The military has tried to pre-empt the challenges associated with relaxing standards for entry. In 2024, it introduced a probationary period, which, ironically, may contribute to lower completion rates by making it easier to remove recruits who do not meet the standards. Since March 2026, the CAF requires three years of residency before eligibility (the initial policy also never gave permanent residents unconditional eligibility).
The latest recruitment announcement also included measures to modernize application and recruitment processes and increase recruit school capacity.
After decades of difficulty reaching its total strength (the government authorized the Regular Force to grow to 70,000 in 2008, a target that has yet to be met), the military is proactively rethinking recruitment. It was high time the military tried a different approach.
The leaked report suggests the CAF is embracing the kind of risk-taking defence experts have long urged in procurement. While fear of poor results fuels risk aversion, the military, defence community, and public must learn to accept risk and understand that it comes with downsides – this is how one innovates and adapts.
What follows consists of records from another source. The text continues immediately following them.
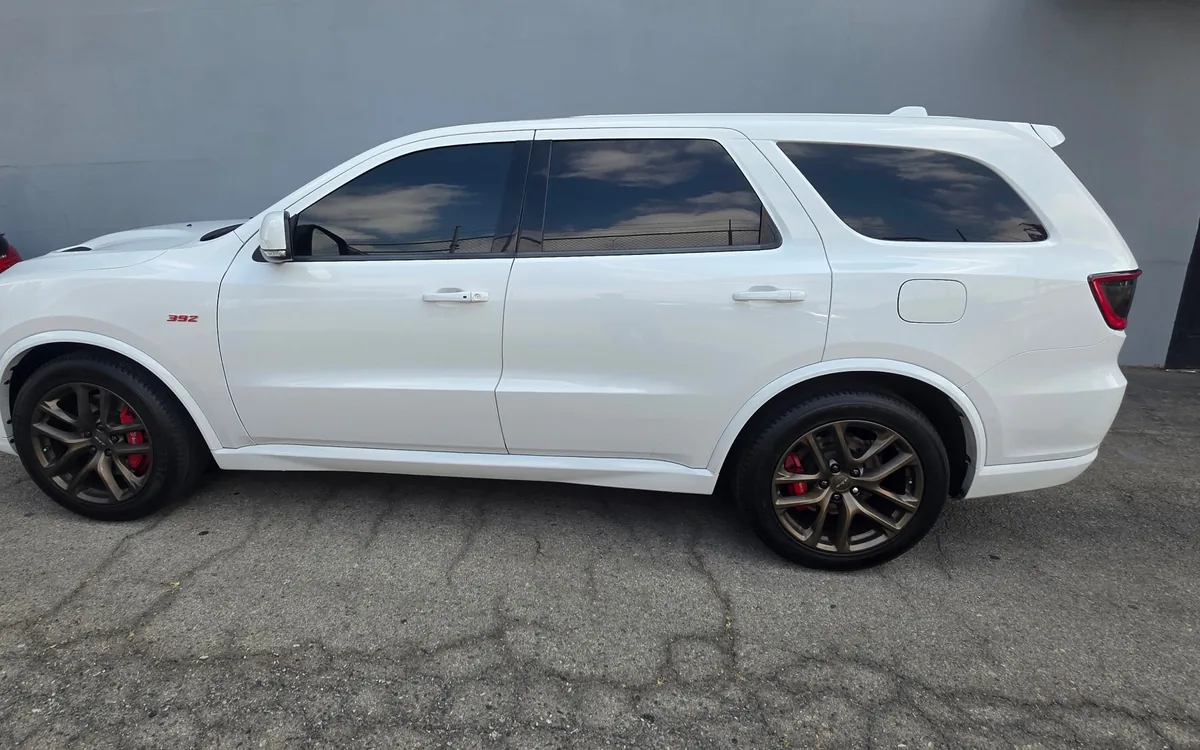 Dodge Durango SUV side view with tinted side and rear windows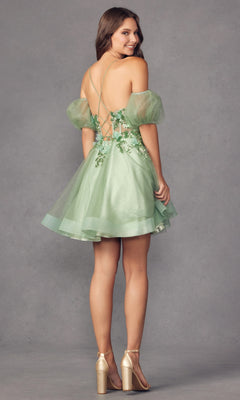A woman models the Puff-Sleeve Short Butterfly Homecoming Dress 901, featuring light green fabric, puffy sleeves, butterfly appliqué, sheer waist, and an open lace-up back—perfect for making a statement against the gray background.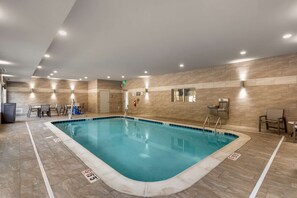 Une piscine intérieure avec des murs et un sol carrelés, ainsi qu’un panneau indiquant qu’il est interdit de plonger.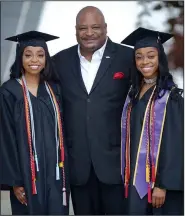  ?? NWA Democrat-Gazette/ANDY SHUPE ?? Keith Jackson, former Oklahoma and NFL football player and Positive Atmosphere Reaches Kids founder, poses Saturday with two P.A.R.K. program graduates, sisters Artia (left) and Aliyah Conley before attending their graduation at the University of...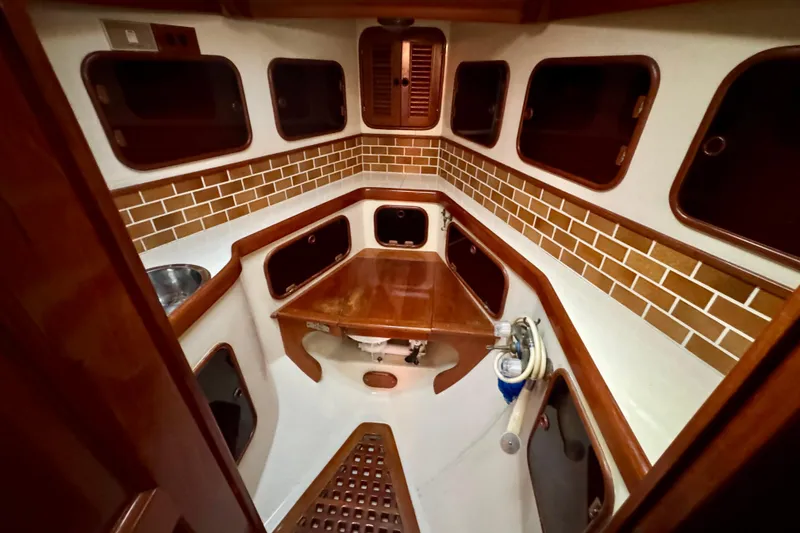 Slide: The Image of Interior of 1988 Hans Christian Christina sailboat with wooden cabinetry and tiled walls. - 21
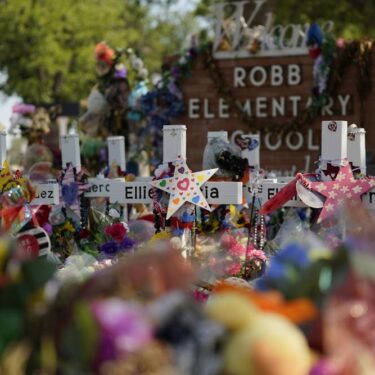 Crosses flowers and other memorabilia form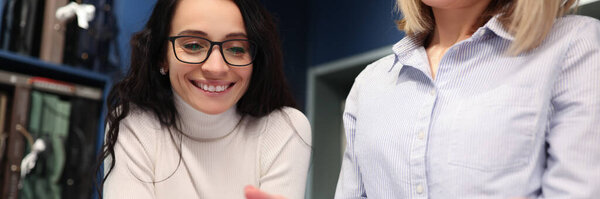 Two women looking into digital tablet and smiling in workshop
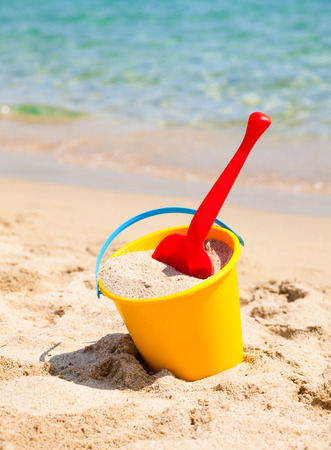 Yellow sand pail and shovel on a beachの写真素材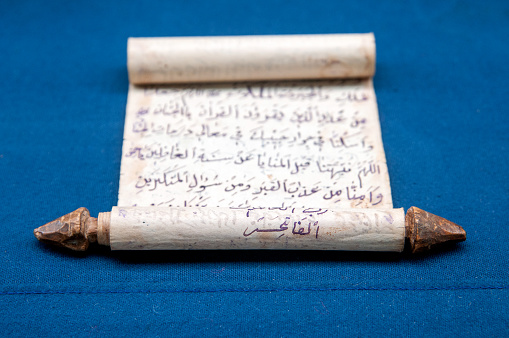 Ancient Arabic writing wrapped on a wooden stick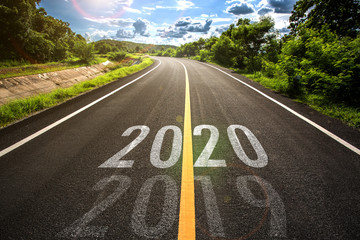 The word 2020 written on highway road in the middle of empty asphalt road at golden sunset and...
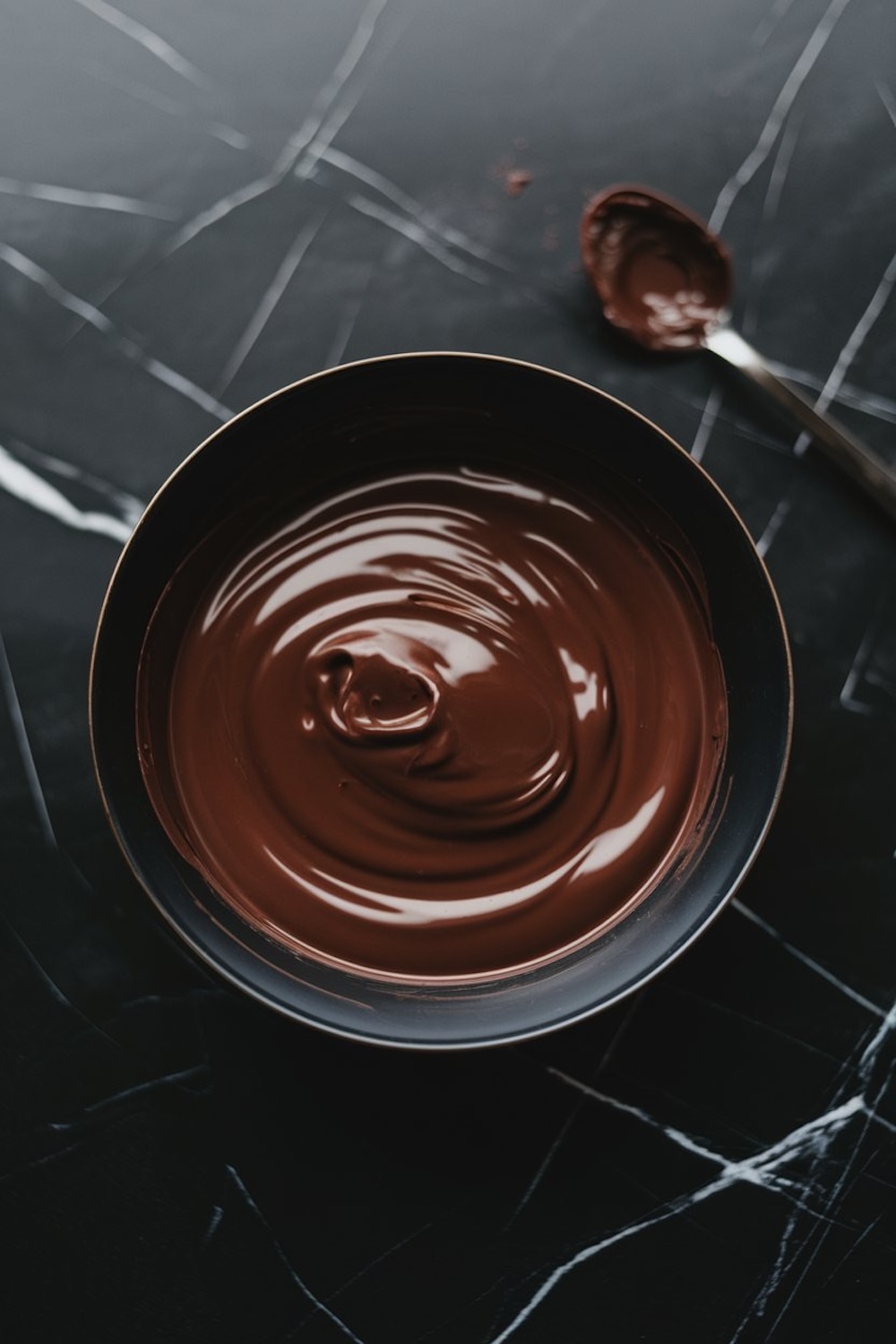 A bowl of smooth, melted dark chocolate ready for dipping, with a spoon resting nearby on a dark, marble countertop.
But the CAF could – and should – be bolder.
Instead of tweaking the selection standards, the military should establish entry and basic training standards tailored to recruits’ chosen trades, which would help restore historical training success rates without reducing overall enrollment. Adequately resourcing recruitment and training schools will be crucial, but digitized recruitment now makes it more feasible than a decade ago. It would improve triaging of candidates by skills and interest, and could reduce attrition.
This would require a different way to think about recruitment and who we think aviators, sailors, and soldiers should be. It would be uncomfortable – and difficult – for the military to implement, but not impossible. Doing it would show that the CAF is adapting, and is becoming the learning organization it claims to be. It is time we build this muscle, however uncomfortable the process is.